Last I checked (its been a year or two), resale value on Macs is very good pretty good. If you haven't had one, get one as your next computer, try it for a few weeks, and eBay it if its really no different. The depreciation shouldn't be tremendous and you'll have learned a lot in the process. (disclaimer: Do your homework before deciding to resell something on eBay ;) ).

RE: OS X - a nice update
by Tuishimi (2.88) on Thu 25th Oct 2007 14:47 UTC in reply to "OS X - a nice update"
Tuishimi Member since:
2005-07-06
Fans: 3

Ummmm... the kernel has been improved to help eliminate the "beach ball" in OS X. It's just that the "kernel is boring news" to most people, and not worthy of press time (not flashy like coverflow). Networking has been improved. Data integration between applications has been improved.

The old adage, btw, if something ain't broke, don't fix it, could very well be applied to your arguments regarding what OS X derived from NEXTSTEP. Don't know why you would be hung up on this? So what if NEXTSTEP was taken and reworked? (And it was reworked, NEXTSTEP was not PDF, it was PS (similar, not identical). It was the product of an (ex-) Apple employee and engineers, and they "came home" so to speak.

amazing
by SK8T (2.16) on Thu 25th Oct 2007 12:20 UTC
SK8T
Member since:
2006-06-01
Fans: 1

it's a huge step forward. And as I like to say, the quality is more important to quantaty ^^

Time Machine
by zotkop (0) on Thu 25th Oct 2007 12:30 UTC
zotkop
Member since:
2007-10-25
Fans: 0

Timemachine is amazing....
I wonder if you let it scroll back (quite) some years,
would it end up being vista all of a sudden? ;)

From fan- to flanboy
by orfanum (2.84) on Thu 25th Oct 2007 13:45 UTC
orfanum
Member since:
2006-06-02
Fans: 1

I have been with OS X for about a year now; I fell for the lurve and then realised, as in the case of most quick romances, my partner was not all they appeared at first glance;

I have upgraded my hardware significantly, like renewing my vows, but my ring-pull machine will soon probably fall out of favour as the OS follows rather the glitz of spanking new gold and diamonds.

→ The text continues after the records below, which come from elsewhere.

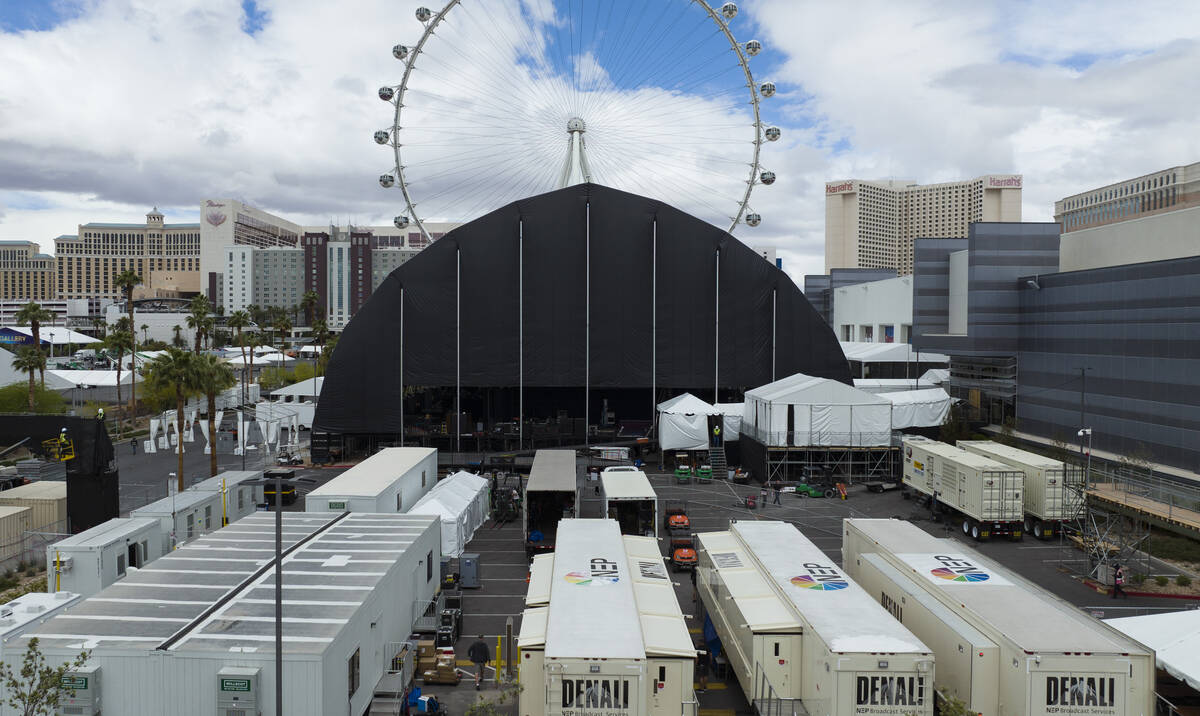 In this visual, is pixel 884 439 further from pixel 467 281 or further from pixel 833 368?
pixel 467 281

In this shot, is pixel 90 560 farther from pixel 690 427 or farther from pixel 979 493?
pixel 690 427

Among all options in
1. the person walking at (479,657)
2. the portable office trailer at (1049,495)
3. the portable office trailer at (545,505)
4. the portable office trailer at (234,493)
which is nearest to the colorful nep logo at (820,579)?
Result: the person walking at (479,657)

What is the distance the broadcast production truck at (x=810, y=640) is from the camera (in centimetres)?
1500

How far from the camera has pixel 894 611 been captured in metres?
19.8

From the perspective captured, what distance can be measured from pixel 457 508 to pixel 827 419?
24591mm

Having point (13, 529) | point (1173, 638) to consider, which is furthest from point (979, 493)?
point (13, 529)

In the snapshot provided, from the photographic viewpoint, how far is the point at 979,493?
110 ft

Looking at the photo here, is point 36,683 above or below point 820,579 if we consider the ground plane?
below

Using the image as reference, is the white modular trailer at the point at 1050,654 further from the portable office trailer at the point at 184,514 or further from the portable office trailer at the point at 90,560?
the portable office trailer at the point at 184,514

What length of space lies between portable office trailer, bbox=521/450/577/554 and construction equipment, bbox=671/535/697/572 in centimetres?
472

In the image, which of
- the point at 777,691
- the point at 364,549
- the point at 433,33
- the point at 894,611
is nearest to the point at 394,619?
the point at 364,549

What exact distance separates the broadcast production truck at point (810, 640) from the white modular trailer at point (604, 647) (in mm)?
1662

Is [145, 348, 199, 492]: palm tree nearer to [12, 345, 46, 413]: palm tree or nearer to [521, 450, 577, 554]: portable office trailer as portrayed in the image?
[521, 450, 577, 554]: portable office trailer

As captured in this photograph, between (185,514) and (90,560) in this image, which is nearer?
(90,560)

I have indeed been into the Garden of Love but Thou Shalt and Thou Shalt not was writ over the door (sorry, W. Blake); now I shall leave the Garden of Love, and wend my way there, no more.

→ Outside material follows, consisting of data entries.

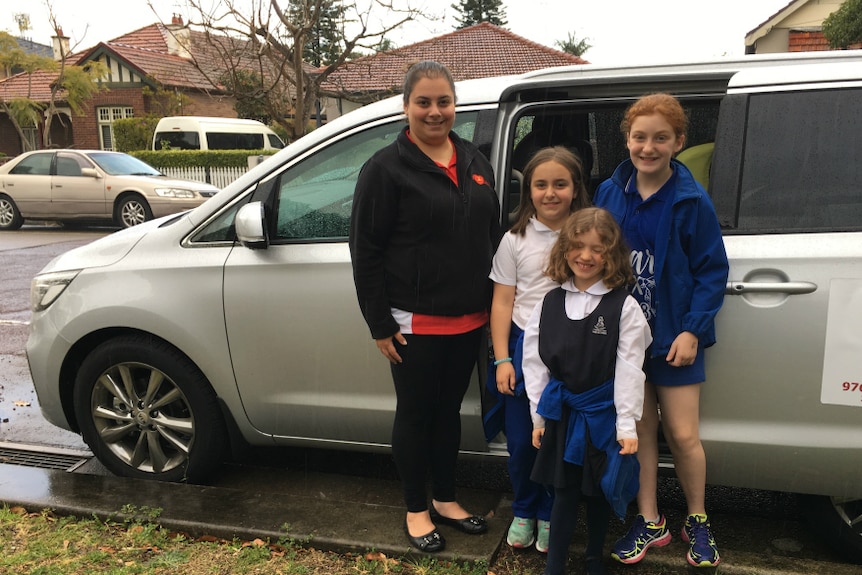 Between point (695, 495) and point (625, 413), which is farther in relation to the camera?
point (695, 495)

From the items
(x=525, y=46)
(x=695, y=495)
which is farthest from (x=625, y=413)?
(x=525, y=46)

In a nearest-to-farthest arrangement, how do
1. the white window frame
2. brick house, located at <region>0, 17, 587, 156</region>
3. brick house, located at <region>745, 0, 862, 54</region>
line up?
brick house, located at <region>745, 0, 862, 54</region> < brick house, located at <region>0, 17, 587, 156</region> < the white window frame

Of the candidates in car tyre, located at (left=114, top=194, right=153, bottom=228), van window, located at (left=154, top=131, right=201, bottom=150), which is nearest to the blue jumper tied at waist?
car tyre, located at (left=114, top=194, right=153, bottom=228)

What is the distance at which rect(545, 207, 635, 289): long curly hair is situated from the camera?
7.91 ft

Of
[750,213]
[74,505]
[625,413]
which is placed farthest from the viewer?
[74,505]

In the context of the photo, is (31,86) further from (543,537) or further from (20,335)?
(543,537)

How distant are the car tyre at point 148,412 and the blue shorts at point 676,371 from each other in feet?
6.29

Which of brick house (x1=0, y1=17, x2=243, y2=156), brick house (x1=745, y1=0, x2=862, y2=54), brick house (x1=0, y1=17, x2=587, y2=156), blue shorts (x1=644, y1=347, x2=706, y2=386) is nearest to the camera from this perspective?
blue shorts (x1=644, y1=347, x2=706, y2=386)

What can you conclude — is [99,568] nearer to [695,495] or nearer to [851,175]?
[695,495]

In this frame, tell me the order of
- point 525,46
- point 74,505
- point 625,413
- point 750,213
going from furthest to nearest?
point 525,46 < point 74,505 < point 750,213 < point 625,413

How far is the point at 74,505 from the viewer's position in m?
3.23

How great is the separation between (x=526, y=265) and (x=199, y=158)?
19.0 metres

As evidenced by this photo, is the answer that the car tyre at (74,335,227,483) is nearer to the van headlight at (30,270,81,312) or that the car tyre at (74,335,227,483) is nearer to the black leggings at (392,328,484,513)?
the van headlight at (30,270,81,312)

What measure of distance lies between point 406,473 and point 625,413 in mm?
922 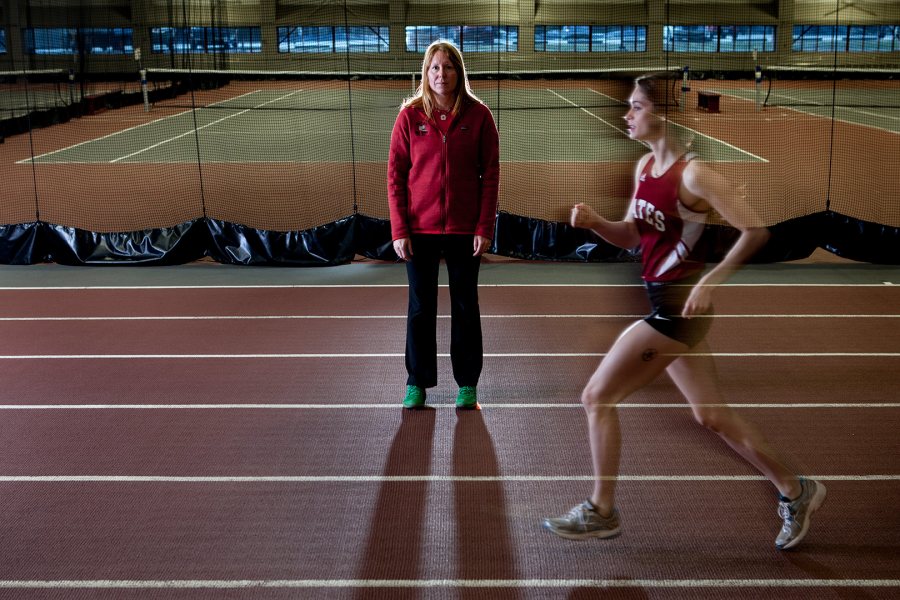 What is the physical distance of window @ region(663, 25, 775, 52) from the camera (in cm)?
3712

I am not going back to my Ex, though but shall seek Free Love, elsewhere.

Sorry, feeling a tad poetic today.

RE: From fan- to flanboy
by dindin (2.12) on Thu 25th Oct 2007 14:08 UTC in reply to "From fan- to flanboy"
dindin Member since:
2006-03-29
Fans: 2

I have been there too ...

I have a Mac Mini (for the Mrs.) and two Powerbooks (G4 15 and 17 inch). I also use FreeBSD heavily for network based testing (dummynet of course).

But I too have started to switch. I am starting to see a lot more Gray screens on the Macs. I had to upgrade RAM to over 1GB to get core video and other stuff to work. Don't even talk about having two users logged in with NeoOffice documents open. The system crawls. Now I have a Vista Desktop and a laptop.

Also, Apple charges for Remote Terminal licences. MSFT does not.

-D

RE[2]: From fan- to flanboy
by Kroc (3.48) on Thu 25th Oct 2007 16:36 UTC in reply to "RE: From fan- to flanboy"
Kroc Member since:
2005-11-10
Fans: 14

Remote Terminal Licences? You'll have to elaborate here?
Apple charge for their ARD software, either fixed client number, or unlimited; but that's for their specific software. The actual controlling is done through VNC which is built in, and you can use any number of free clients to control as many Macs as you want.

Microsoft on the other hand charge per client(s) for Server 2003. Mac OS X Tiger/Leopard Server has no user cap.